Attackers dressed as women burst through parliament's main entrance in central Tehran, deputy interior minister Mohammad Hossein Zolfaghari said, according to the semi-official Tasnim news agency.
One of them detonated a suicide vest in the parliament, he said. About five hours after the first reports, Iranian media said four people who had attacked parliament were dead and the incident was over.
At least 12 people were killed by the attackers, the head of Iran's emergency department, Pir-Hossein Kolivand, was quoted as saying by state broadcaster IRIB.
Soon after the assault on parliament, another bomber detonated a suicide vest near the shrine of the Republic's revered founder, Ayatollah Khomeini, a few kilometers south of the city, Zolfaghari said, according to Tasnim.
A second attacker was shot dead, he said.
The Intelligence Ministry said security forces had arrested another "terrorist team" planning a third attack, without giving further details.
"I was shopping and suddenly heard shooting," said housewife Maryam Saghari, 36, who lives near parliament.
"People started to run away from the area.
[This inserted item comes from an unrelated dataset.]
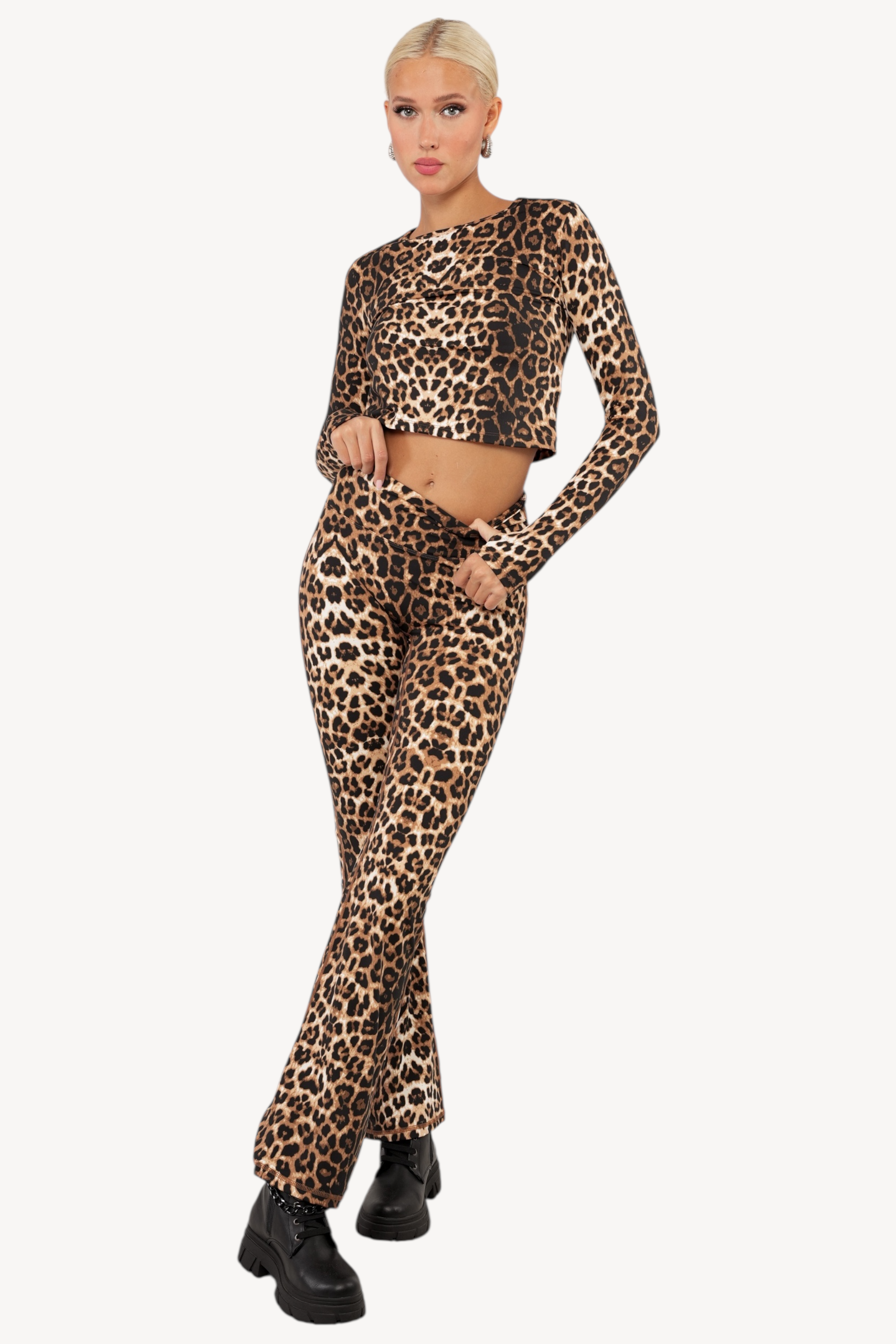 Lea Flair Pants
I was very scared. I don't want to live in fear," she told Reuters by telephone.
(For a graphic on Tehran attacks, click tmsnrt.rs/2rA8Fy6)
The raids on two of Iran’s most highly-protected sites will jolt both Iran’s recently re-elected President Hassan Rouhani, and his political rivals among the hardline clerics as well as the Islamic Revolutionary Guard Corps (IRGC), who are responsible for national security.
Senior government officials have repeatedly described the their country as an "island of stability" in the past.
In an appeal to unity, Rouhani’s chief of staff, Hamid Aboutalebi, took to Twitter to praise the security services.
"If this attacks had happened in any other city in Europe or in the world, it would have left many casualties. Applause to the power and firmness of our revolutionary guards, basij, police and security forces," he wrote.
Two senior government officials, who asked not to be named, said the blasts might prompt a blame game and exacerbate political in-fighting.
"They (hardliners) are very angry and will use every opportunity to grow in strength to isolate Rouhani," said one of the officials.
The other said the attacks, and speculation over who backed them, would push Iran toward "a harsher regional policy".
The Intelligence Ministry called on people to be vigilant and report any suspicious movement. Despite unconfirmed reports of a hostage situation, state television said parliament had resumed, and broadcast footage of what it said was the opening session proceeding normally.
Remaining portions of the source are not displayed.